Аргамаков задумался.

– Слушай, – сказал он после нескольких мгновений, когда было слышно только, как черпали ложки в котле, выскребывая кашу, да жевали молодые крепкие зубы. – Есть у нас вахмистр конной гвардии Лукьян Камынин.

– Ну, знаю, – сказал Ханыков, настораживаясь.

– Что, если нам ему довериться?.. Я видал его у сержанта Акинфиева, и он мне говорил: «Хотят-де ныне к солдатству милость казать и за треть жалованье выдать, доимку не взыскивать и с которых доимка взята – возвращать. Из полков гвардии дворян отпустить в годовой отпуск и вычетными из жалованья их деньгами казармы достраивать и тем солдатство и всех приводят к милости…»

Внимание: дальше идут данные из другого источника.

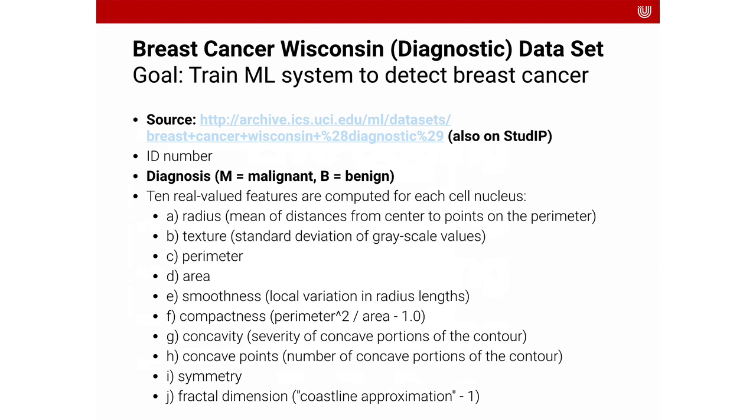The symmetry and the fractal dimension, which is the coastline approximation minus 1. And for each of these attributes we have a diagnosis, whether the cancer was malignant or benign. And I want you to take the example that I showed you and to adapt it to train a machine learning system. And I want you to hand in the Jupyter notebook to StudIP.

Покупают, значит, нас. И он, Камынин то есть, сим всем очень даже как бы возмущен. «Чудесно, – говорил он, – господа министры кого допустили править государством… И мой дядюшка Бестужев тоже министр… А какой он министр, не знаю я его, что ли?..» Так вот, ежели бы через того Лукьяна нам проведать от государыни принцессы – угодно ее милости, чтобы солдат к сему склоняли?.. Понимаешь?..

– Как не понять… И ежели только ее высочеству то угодно, я здесь, а ты, Михаила, на Санкт-Петербургском острову учинили бы тревогу барабанным боем. Моя гренадерская рота пойдет хоть куда. И тогда бы мы регента и сообщников его: Остермана, Бестужева и князя Никиту Трубецкого – убрали бы. Что же? Дальше терпеть?.. Я слыхал, есть такое регентово намерение ко всем милость показать: в Преображенский наш полк больших из курляндцев набрать… Отчего, вишь ты, полку будет – кр-расота!.. Значит, ничего не видя, хотят немцев набрать, а нас из полка вытеснить… Что ж, давай, побеседуем хоть и с Камыниным… Только верный ли он человек?..

– Ну?.. Отчего не верный?.. Он сам мне о том говорил: «Говорим мы-де о сем на один… Дело смертельное… Так ежели что, доносчику, кто будет, значит, доносить – первый кнут…»

– Что ж, дело… Иначе нельзя, – сказал Алфимов. – Ваше благородие, ребята откушали, прикажешь к работе?

– Ступай…

Барабанщик ударил, сзывая людей на работы.